Attribute availability:
o gene_id... OK
o gene_name... OK
o entrezid... Nope
o gene_biotype... OK
OK
Processing transcripts...
Attribute availability:
o transcript_id... OK
o gene_id... OK
o transcript_biotype... OK
OK
Processing exons...OK
Processing chromosomes...Fetch seqlengths from ensembl, dataset athaliana_gene_ensembl version 34...Error in function (type, msg, asError = TRUE) :
Server denied you to change to the given directory
Unable to get sequence lengths from Ensembl for dataset: athaliana_gene_ensembl. Error was:
OK
OK
Generating index...OK
-------------
Verifying validity of the information in the database:
Checking transcripts...OK
Checking exons...OK
Warning messages:
1: In readLines(gtf, n = 10) : line 1 appears to contain an embedded nul
2: In readLines(gtf, n = 10) : line 5 appears to contain an embedded nul
3: In readLines(gtf, n = 10) : line 6 appears to contain an embedded nul
4: In readLines(gtf, n = 10) : line 7 appears to contain an embedded nul
5: In readLines(gtf, n = 10) : line 8 appears to contain an embedded nul
6: In readLines(gtf, n = 10) : line 9 appears to contain an embedded nul
7: In readLines(gtf, n = 10) : line 10 appears to contain an embedded nul
8: In ensDbFromGRanges(GTF, outfile = outfile, path = path, organism = organism, :
I'm missing column(s): 'entrezid'. The corresponding database column(s) will be empty!

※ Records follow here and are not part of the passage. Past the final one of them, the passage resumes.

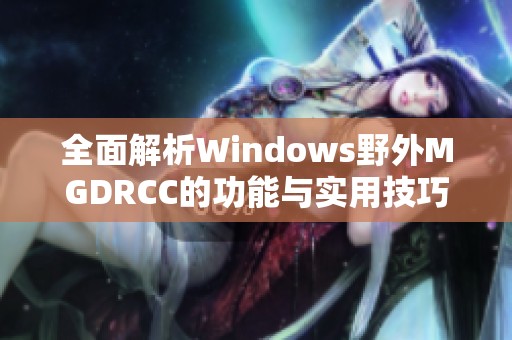 全面解析Windows野外MGDRCC的功能與實(shí)用技巧 全面解析Windows野外MGDRCC的功能與實(shí)用技巧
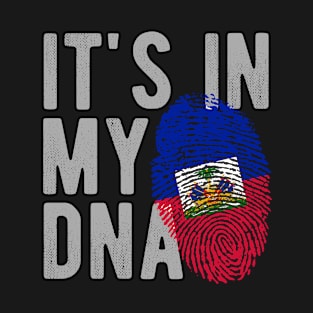 Happy Haitian Flag Day Celebration Haiti Its In My DNA T-Shirt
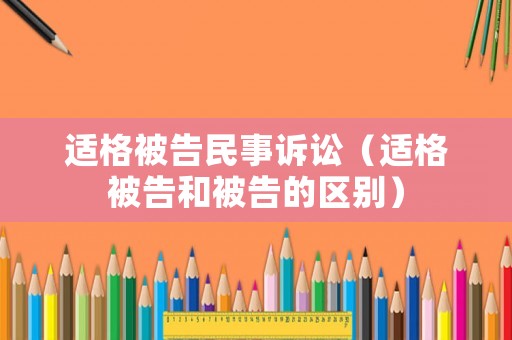 適格被告民事訴訟（適格被告和被告的區(qū)別）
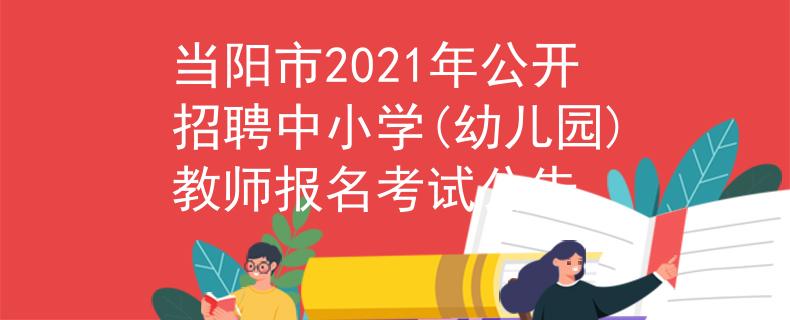 當(dāng)陽市2021年公開招聘中小學(xué)(幼兒園)教師報(bào)名考試公告
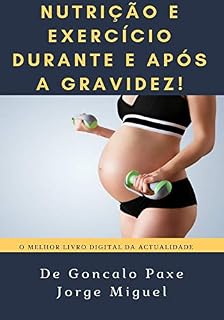 Livro NUTRIÇÃO E EXERCÍCIO DURANTE E APÓS A GRAVIDEZ
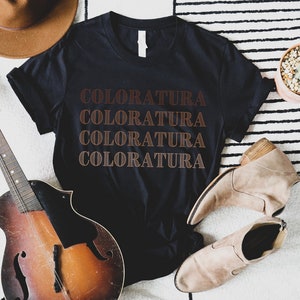 Coloratura Shirt, Voice Type T-Shirt, Opera Shirt, Choir Shirt, Music Shirt, Black History Shirt, Juneteenth Shirt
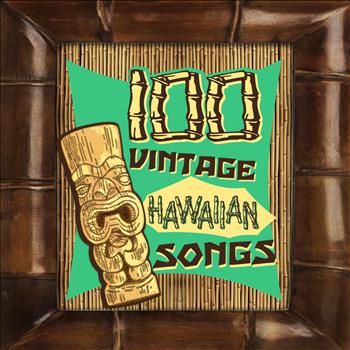 Various Artists - 100 Vintage Hawaiian Songs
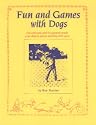 Fun and Games With Dogs: Educational and Fun Games to Teach Your Dog to Enjoy Working With You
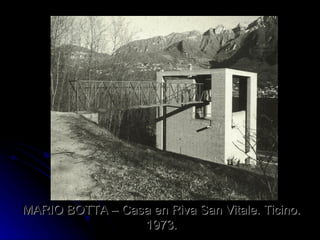 MARIO BOTTA – Casa en Riva San Vitale. Ticino. 1973. 
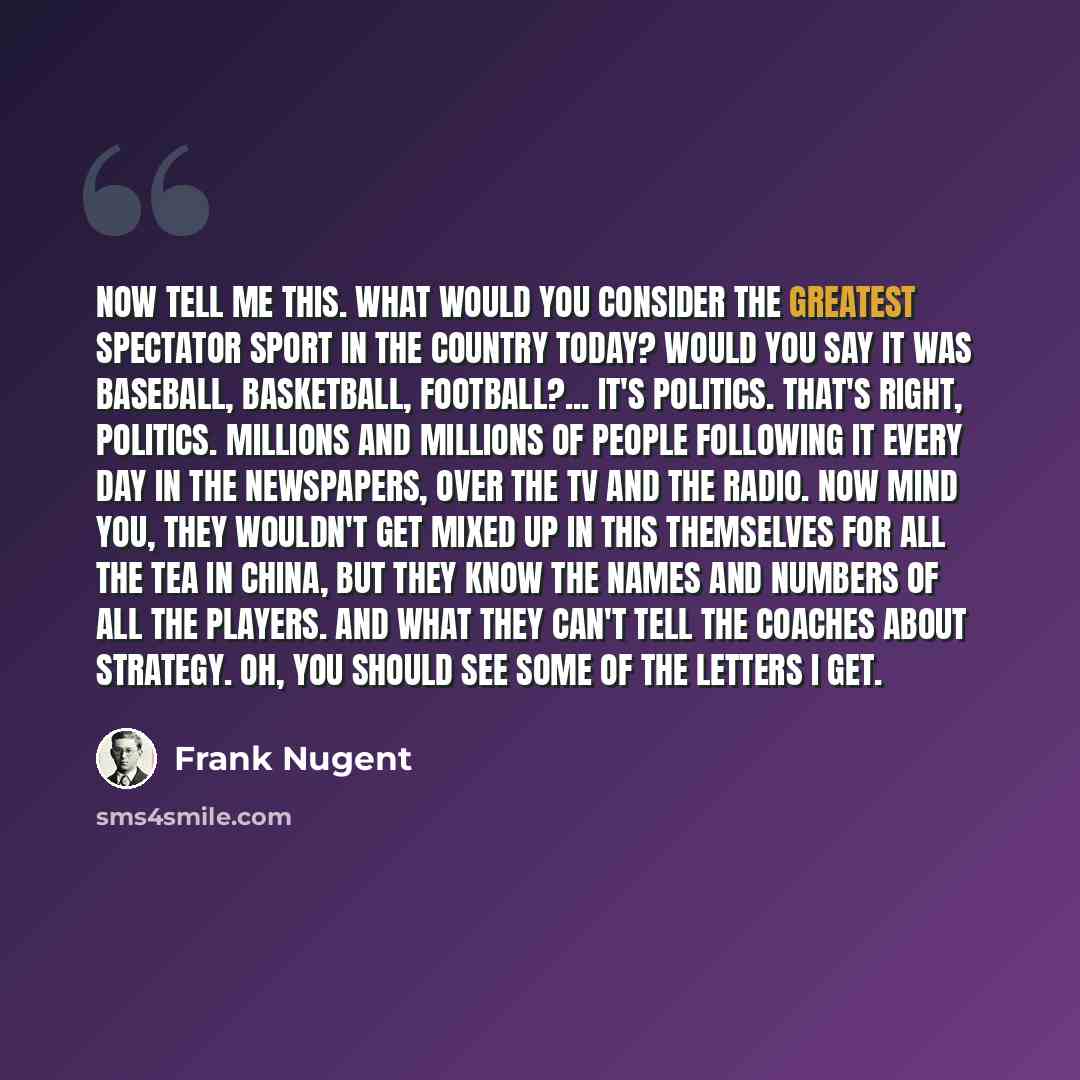 “Now tell me this. What would you consider the greatest spectator sport in the country today? Would you say it was baseball, basketball, football?... It's politics. That's right, politics. Millions and millions of people following it every day in the newspapers, over the TV and the radio. Now mind…” quote by Frank Nugent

I want to make a TxDb object.
Thanks a lot.
D.
I proposed this as an alternative to the TxDb object. EnsDb objects provide the same annotations, same methods and same functionality, but are specifically designed for Ensembl annotations. There is no way to convert an EnsDb to a TxDb, but you should be able to use the EnsDb as it was a TxDb.
Yes it works thanks. Is there a way to add entezid?
Thanks a lot.
D.
I can provide you an EnsDb package for A. thaliana for ensemblgenomes-34 (corresponds to Ensembl 87) build from the MySQL database dumps and using the Ensembl perl API. But I checked, also there is no entrezid available - seems NCBI does not provide annotations for plants?